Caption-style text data
BEGIN
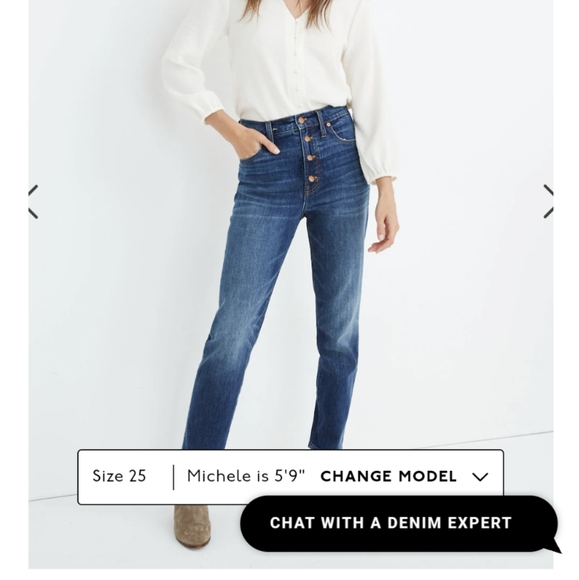 Madewell The Perfect Vintage Jean  Button-Front Edition - Picture 1 of 7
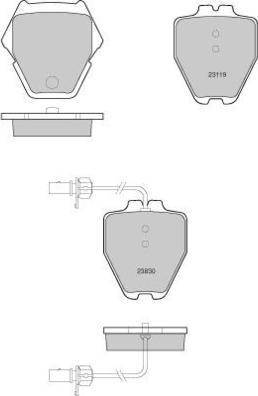 E.T.F. 12-1151 - Тормозные колодки, дисковые, комплект www.autospares.lv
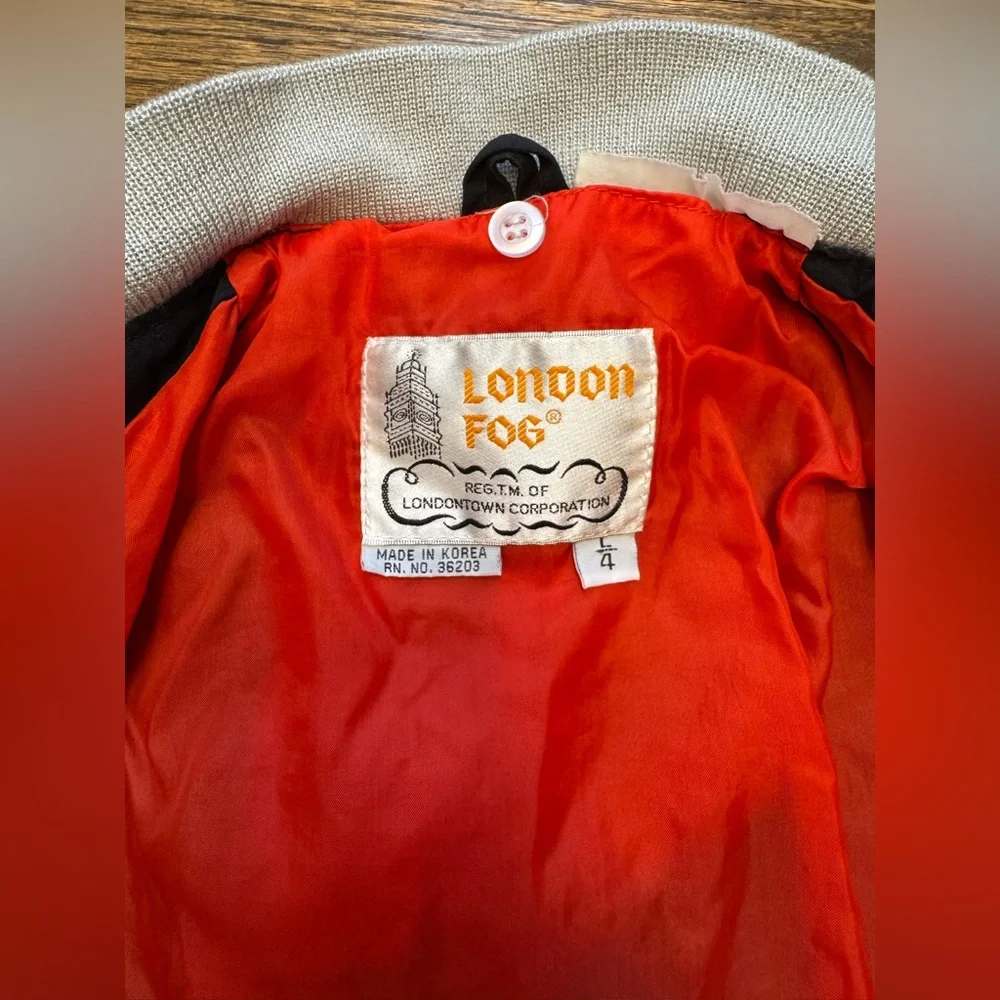London Fog vintage kids bomber jacket, size 3-4
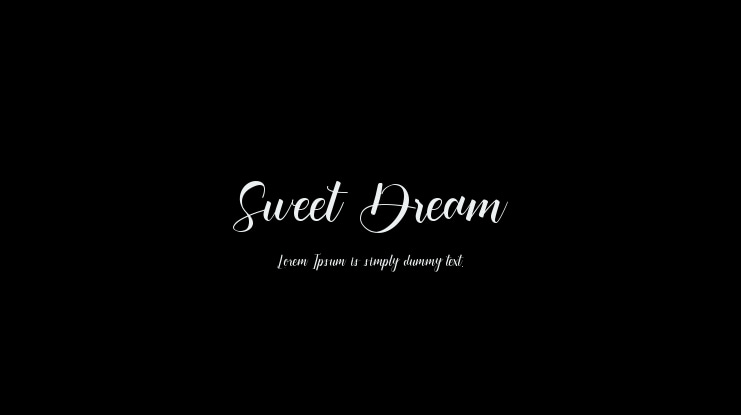 Sweet Dream Font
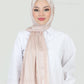 Hijab - Satin Stripes - Powder Pink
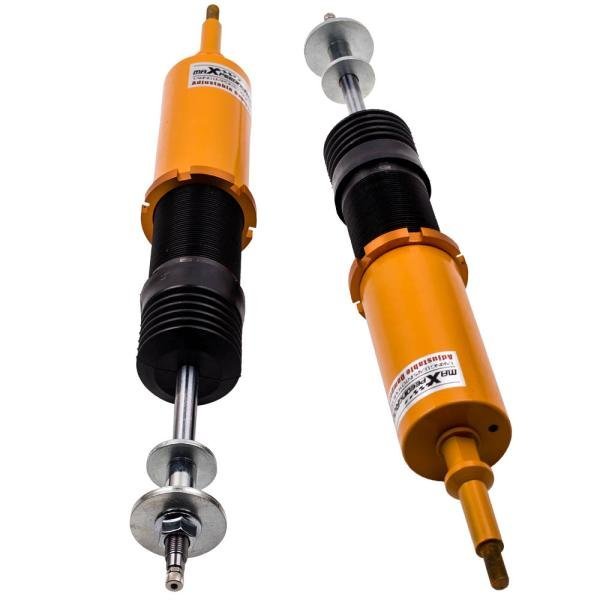  shock absorber 3 series E92 E93 suspension total length adjustment type 24 step attenuation BMW Maxpeedingrods yellow 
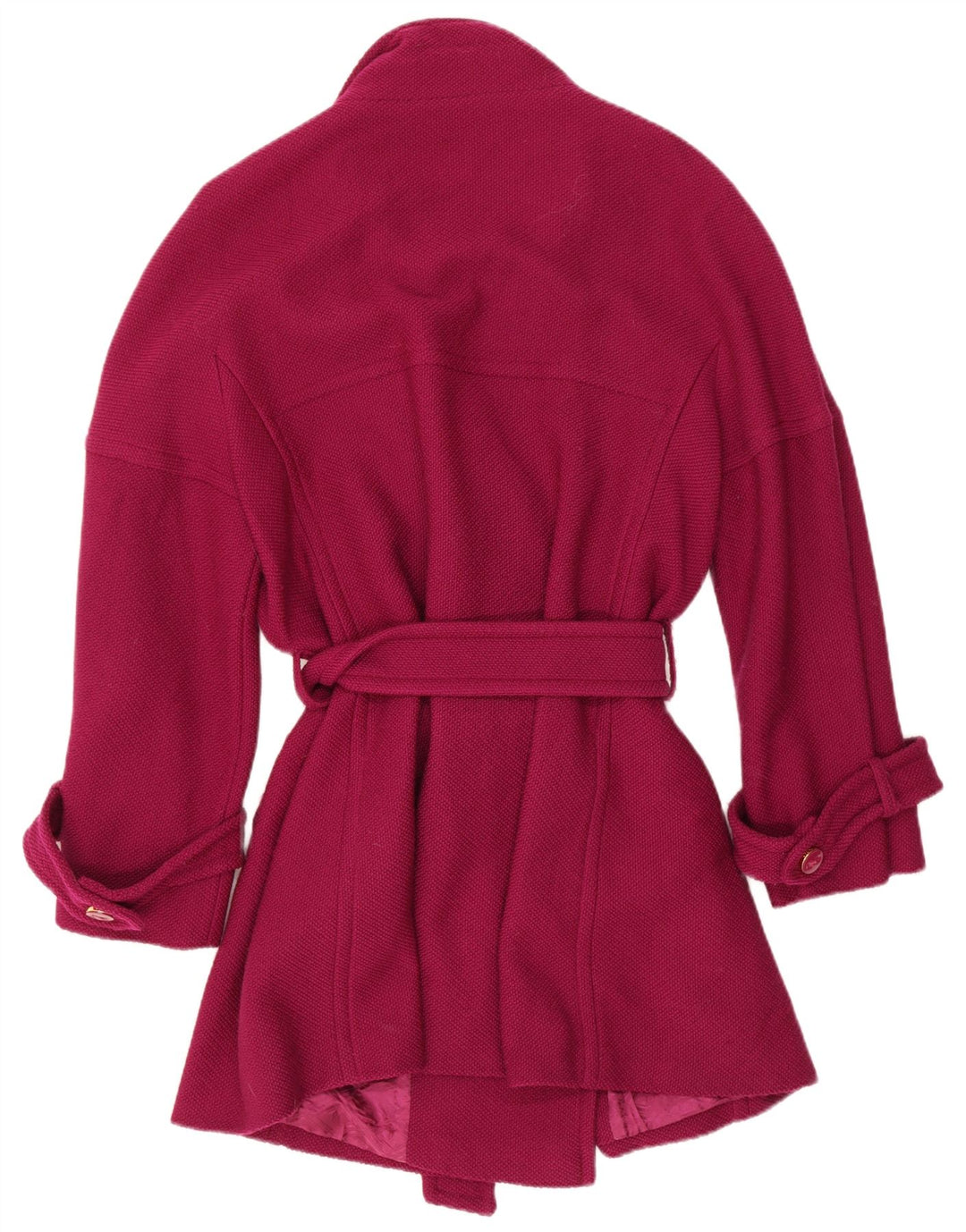 Cappotto doppiopetto da donna Escada EU 44 XL viola lana vergine
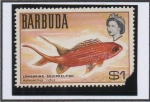 Stamps : America : Antigua_and_Barbuda :  Peces:Longspine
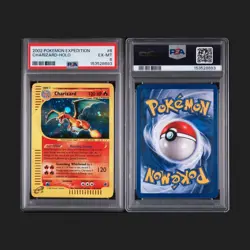 ** PSA 6 ** Pokemon TCG Charizard Holo Rare Expedition Base Set 6/165 2002 - Image 3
END
▶ [The task]: Give back exactly the lines from the top of the records to the line containing "Hijab - Satin Stripes - Powder Pink", both included, and no pictures.

▶ [Result of this task]:
 Madewell The Perfect Vintage Jean  Button-Front Edition - Picture 1 of 7
 E.T.F. 12-1151 - Тормозные колодки, дисковые, комплект www.autospares.lv
London Fog vintage kids bomber jacket, size 3-4
 Sweet Dream Font
 Hijab - Satin Stripes - Powder Pink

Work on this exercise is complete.